Domenica Narducci, OP (religious name Domenica of Paradise; 3 September 1473 – 1553) was an Italian Dominican nun.

==Biography==
Narducci was born on 3 September 1473 in Bandino area in Florence. She was the daughter of Tommaso di Jacopo Narducci, a farmer and groundskeeper who worked in the gardens of Chiesa di Santa Brigida al Paradiso. In 1499, she fled from the abusive life of a Tuscan farm and sought solace in the Dominican convent of Paradiso. After making her religious vows, she had visions of Jesus that inspired her to found a new convent.
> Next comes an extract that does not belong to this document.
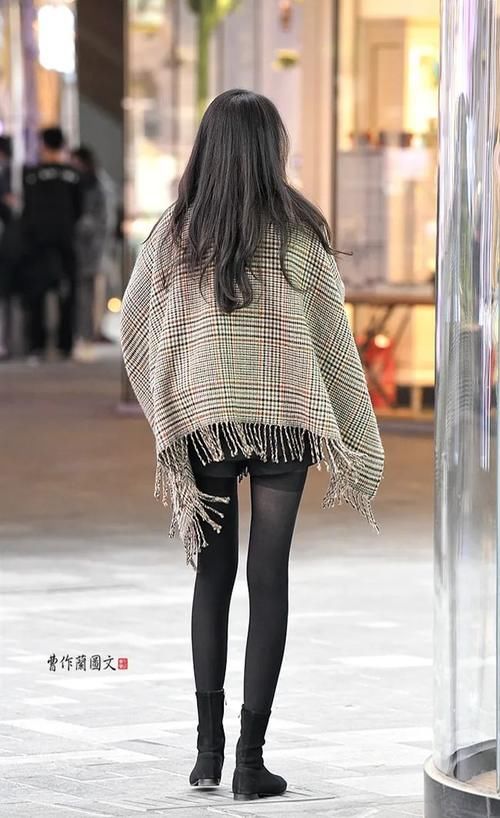 越穿越有门道的黑丝美女，眼神迷离吸引人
At the new convent, she became known for her extreme piety and assisted the Medici family in spiritual matters. Advocate of her own reforms for the Second order of the Dominicans, she was an outspoken critic of the first order who supported the controversial Dominican preacher Girolamo Savonarola (1452–1498). In 1515, she established the Convento della Crocetta in Florence. She continued to be a significant figure in Italian religious life in later years, exchanging correspondence with Pope Paul III and Clement VII.

She died in 1553 in Florence with a reputation of holiness. Many devout Florentines thought that Narducci had protected them from the plague in the centuries that followed her death.

==Beatification==
Her cause for beatification was introduced 1624. The process regarding her heroic virtue was brought before the Antepreparatory Congregation8 in 1761 until 1761 and was suspended until the present time. From the examination of the cause, it was assumed that it was treated unskillfully by the advocates.